为什么 Microsoft Visual C++ 库实现“解包”迭代器？

Question

Throughout microsofts stl implementation , pretty much all of their iterators are unwrapped before they are used.

For instance, for_each looks like this:

template <class _InIt, class _Fn>
_Fn for_each(_InIt _First, _InIt _Last, _Fn _Func) { // perform function for each element [_First, _Last)
    _Adl_verify_range(_First, _Last);
    auto _UFirst      = _Get_unwrapped(_First);
    const auto _ULast = _Get_unwrapped(_Last);
    for (; _UFirst != _ULast; ++_UFirst) {
        _Func(*_UFirst);
    }
    return _Func; }

_Adl_verify_range checks that first <= last , which I understand, but I dont quite understand the purpose of _Get_unwrapped():

#if _HAS_IF_CONSTEXPR
template <class _Iter>
_NODISCARD constexpr decltype(auto) _Get_unwrapped(_Iter&& _It) {
    // unwrap an iterator previously subjected to _Adl_verify_range or otherwise validated
    if constexpr (is_pointer_v<decay_t<_Iter>>) { // special-case pointers and arrays
        return _It + 0;
    } else if constexpr (_Unwrappable_v<_Iter>) {
        return static_cast<_Iter&&>(_It)._Unwrapped();
    } else {
        return static_cast<_Iter&&>(_It);
    }
}
#else // ^^^ _HAS_IF_CONSTEXPR / !_HAS_IF_CONSTEXPR vvv
template <class _Iter, enable_if_t<_Unwrappable_v<_Iter>, int> = 0>
_NODISCARD constexpr decltype(auto) _Get_unwrapped(_Iter&& _It) {
    // unwrap an iterator previously subjected to _Adl_verify_range or otherwise validated
    return static_cast<_Iter&&>(_It)._Unwrapped();
}

It seems that it wants to decay the iterator, or cast it to an rvalue reference.
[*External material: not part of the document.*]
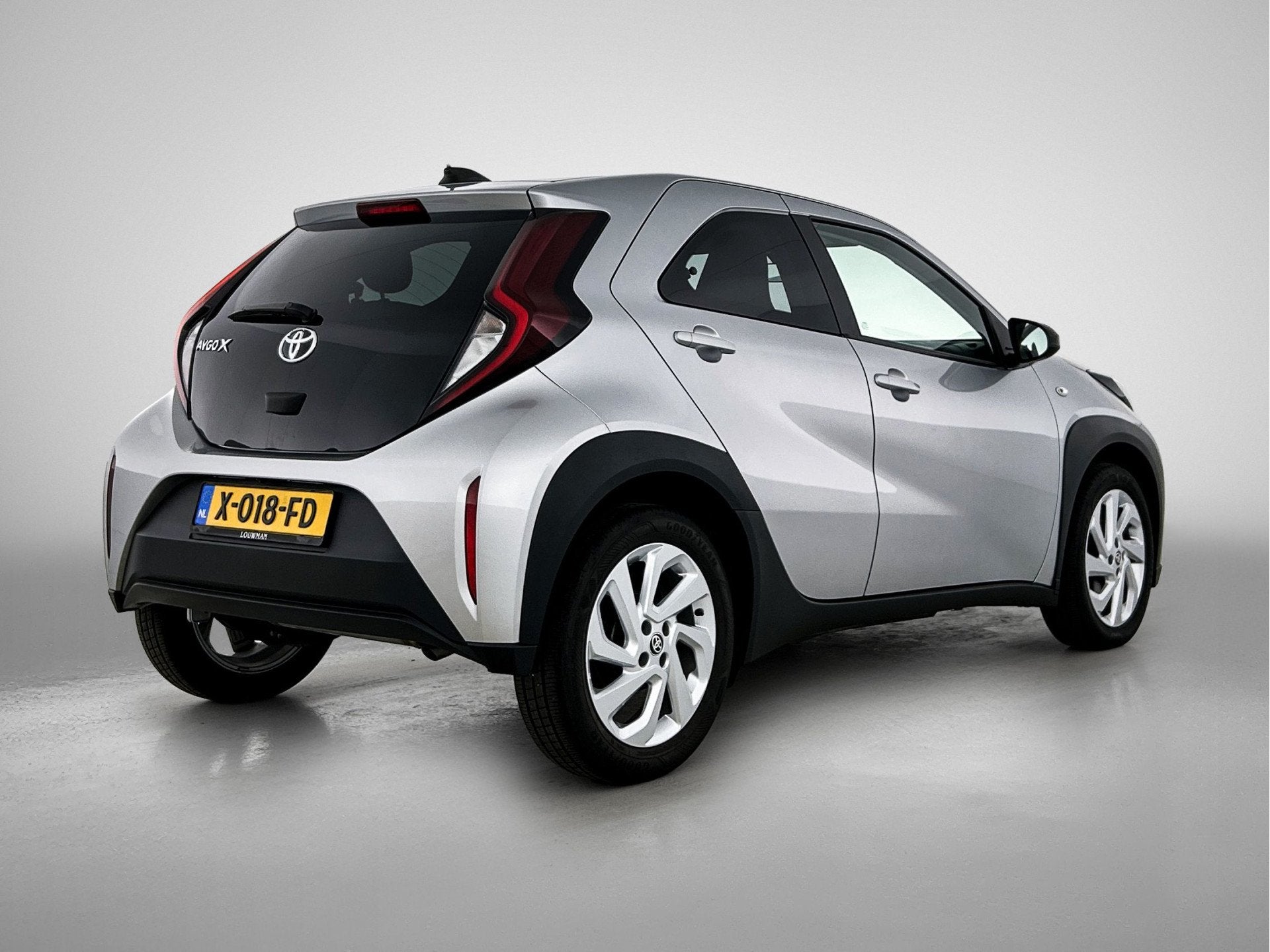 Toyota Aygo X 1.0 VVT-i MT first | Apple Carplay&Android Aut, Stof, Gebruikt, 920 kg, 4 stoelen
So my question is why does Visual++ use this paradigm? GCC does not do this as far as I can tell.

EDIT

As requested, source of iterator._Unwrapped()

_NODISCARD constexpr _Ptr _Unwrapped() const noexcept {
    return _Myptr;
}

_Myptr is defined in the iterator itself, and is just a raw pointer:

template <class _Ptr>
class unchecked_array_iterator {
...
private:
    _Ptr _Myptr; // underlying pointer
}

Answer 1

Why does VC++ wrap iterators?

It's a design choice. Indeed, for array-like types like std::array and std::vector an iterator can be a simple typedef to T* , which satisfies iterator semantics nicely, and indeed this is how GNU stdlibc++ implements it. But from the standard perspective, iterator is a pointer-like object, but isn't necessarily a pointer. So...

1. Assuming that it's a pointer would be a mistake and could lead to non-portable code ( case in point ).

2. Wrapping iterators allows for iterator debugging (see _ITERATOR_DEBUG_LEVEL ). For example here's a debug operator++ :

    _CONSTEXPR17 _Array_const_iterator& operator++() { _STL_VERIFY(_Ptr, "cannot increment value-initialized array iterator"); _STL_VERIFY(_Idx < _Size, "cannot increment array iterator past end"); ++_Idx; return *this; }

Why does VC++ unwrap iterators?

1. It's an optimization of error reporting. In loops like std::for_each , instead of getting a range error in the middle of for_each , the error is signaled upon entry into for_each .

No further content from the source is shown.